“di tengah kerasnya kehidupan jalanan kota, akan selalu ada orang dermawan yang tak berpangkatkan penguasa, namun bermahkotakan keikhlasan.”
Sarma Saleem
Panas Jakarta tepatnya daerah Karet sangat menyengat siang itu, lalu-lalang kendaraan begitu sibuk, beberapa kali membentuk antrian panjang, menunggu lampu hijau tanda boleh jalan. Sementara Sarma dan Ustadz Bajang, terus berjalan tak memedulikan teriknya panas. Berbekal Google Maps, mereka berjalan melawan panas, menuju sebuah Masjid, milik KPP Pratama yang berada di daerah Karet, Masjid An-Nur. Sebuah masjid yang akan menjadi tempat Ustadz Bajang berkhutbah.
Mungkin karena diburu waktu, sehingga tak fokus, beberapa kali mereka tersesat dan salah tujuan. Kantor pajak yang akan yang dituju tak juga ketemu. Sarma dan Ustadz Bajang, malah masuk ke bagian pajak Kecamatan Tanah Abang, yang kebetulan dekat daerah situ. Mereka pun memutar langkah kembali, sembari melihat google maps,dan mencoba memberhentikan Bajaj, agar segera diantarkan ke Masjid An-Nur.

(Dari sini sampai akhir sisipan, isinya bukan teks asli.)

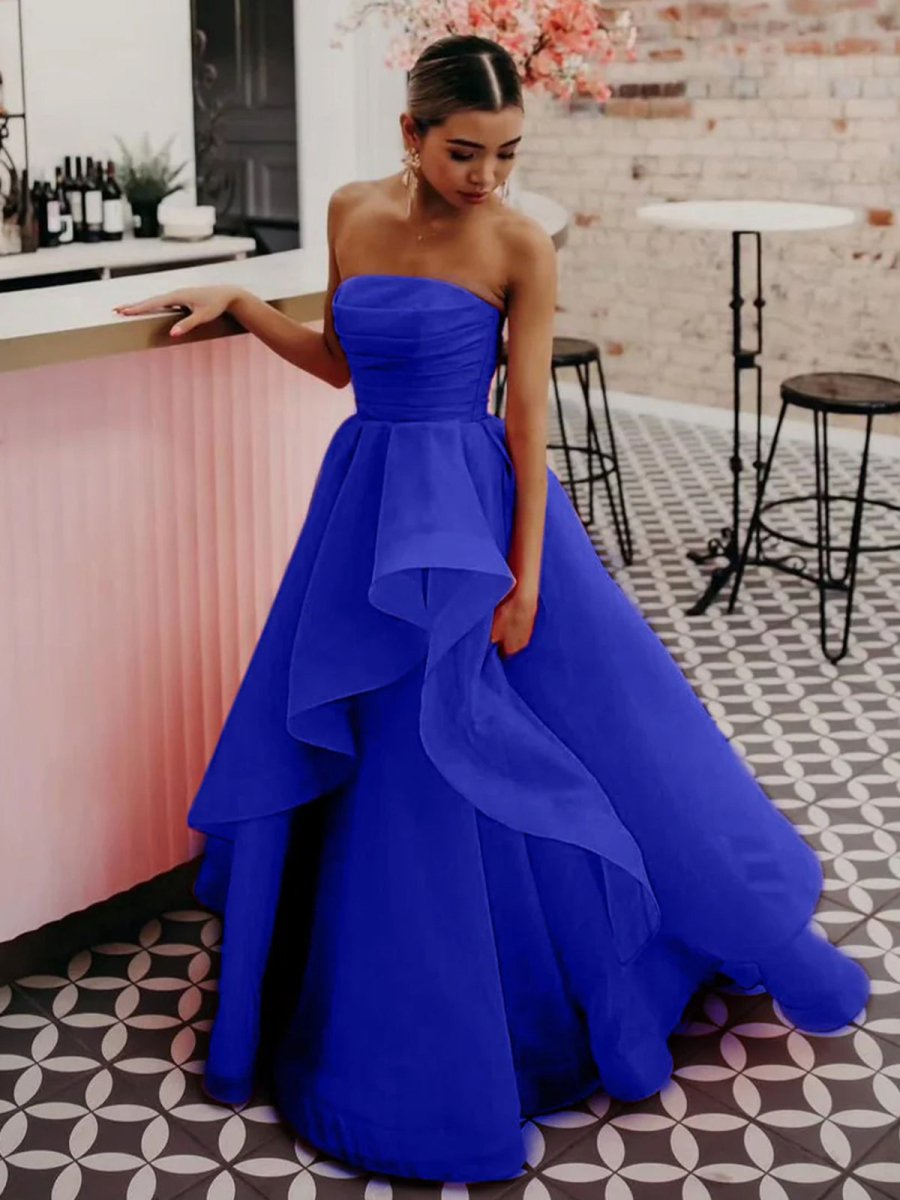 Dress 9590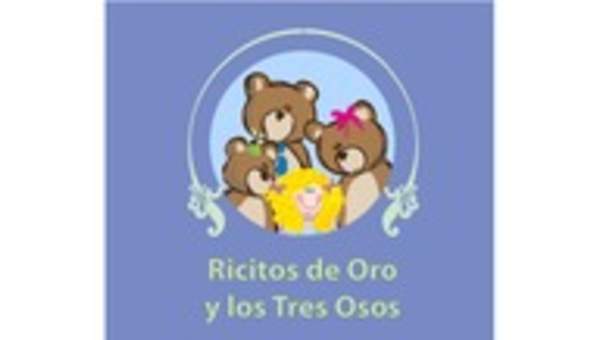 Ricitos de oro Ricitos de oro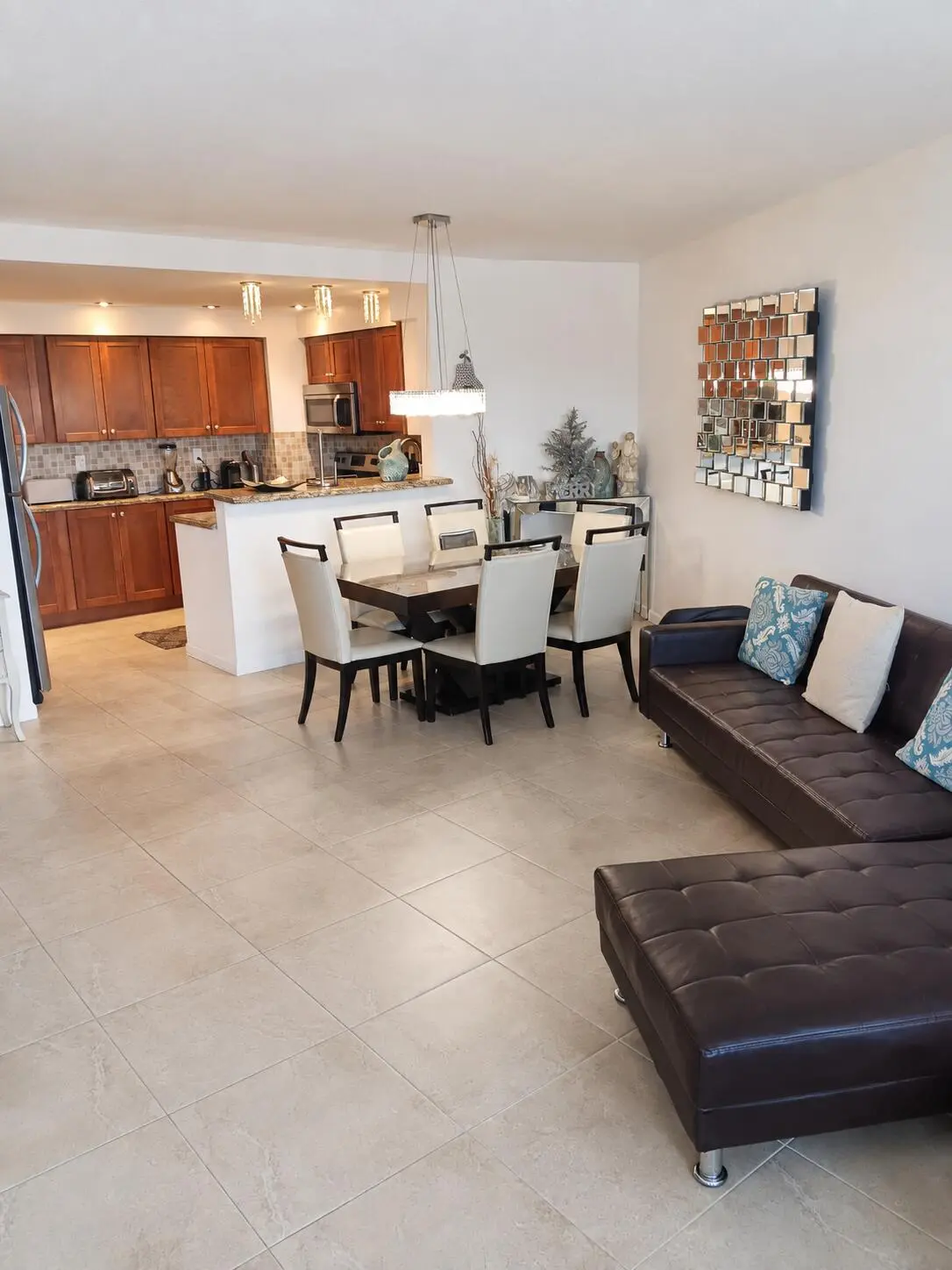 ChatGPT Image Sep 18, 2026, 11_17_33 AM at 3800 GALT OCEAN Drive 514, Fort Lauderdale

Sayangnya, Sopir Bajaj yang diberhentikan tak juga tahu tujuan tersebut. Akhirnya, Sarma dan Ustadz Bajang, menyegarakan langkah, karena khutbah sebentar lagi dimulai. Sampai pada akhirnya, Ustadz Bajang memutuskan meminta tolong kepada Bapak Ojol yang tengah berkutat dengan Handphone, menunggu penumpang yang memesan ojek online.
Bapak Ojol terlihat tua, badannya kurus, rambutnya sudah banyak yang memutih, setua motor yang digunakan menjadi Ojek Online. Namun, begitu mendengar Ustadz Bajang meminta tolong, ia dengan sigap mematikan handphonenya dan mengantarkan Ustadz Bajang ke tempat tujuan. Sayang seribu sayang, tujuan yang dituju ternyata bukan juga tujuan yang benar. Walhasil, Bapak Ojol yang tua itu putar balik, menembus kemacetan jalanan, hingga menyampaikan Ustadz Bajang pada masjid yang dituju.
Sarma yang ditinggal sendiri, masih mengandalkan google maps handphonenya, dengan tanda baterai merah, “aduh, bisa bahaya nih, masjid belum ketemu, baterai bentar lagi habis, tidak bawa charger lagi” ungkap Sarma resah membathin. Dan akhirnya, masjid yang menjadi tujuan Ustadz Bajang, berhasil Sarma temukan, dengan beberapa kali bertanya kepada warga.
Sampai di Masjid itu, tampak Ustadz Bajang sudah menaiki mimbar.
Singkat cerita, Usai prosesi jumat, Ustadz Bajang, menceritakan drama kehawatirannya, sebelum sampai di Masjid tadi. Harus berkejaran dengan waktu, tujuan salah, dan tak luput Bapak Ojol tua yang menginspirasi.
Bayangkan! Ini Jakarta loh. Daerah dimana rupiah demi rupiah begitu sangat berharga. Bapak Ojol tua yang mereka mintai tolong, tak mau menerima uang yang diberikan Ustadz Bajang, ia bersikeras “saya ini mau menolong,” Ungkap Ustadz Bajang menirukan kata Bapak Ojol. Tapi Ustadz Bajang pun dengan gercep mengeluarkan uang, lalu berlalu dengan gercep pula.
Sarma menduga, Bapak Ojol tak mau menerima, karena dimintai bantuan untuk segera mengantarkan seorang khatib yang tengah tersesat.
Well, itulah pengalaman Sarma dan Ustadz Bajang di jalanan. Jalanan kota yang tak selalu identik dengan kerasnya kehidupan. Biasanya kita melihat pengamen, pengemis, tunawisma, pedagang kaki lima, yang terus bergulat dengan kerasnya hidup, menjaring rezeki dari jalanan kota. Tetapi, pengalaman Sarma dan Ustadz Bajang, menunjukkan di tengah kerasnya kehidupan jalanan kota, akan selalu ada orang dermawan yang tak berpangkatkan penguasa, tapi bermahkotakan keikhlasan. Bapak Ojol tua contohnya.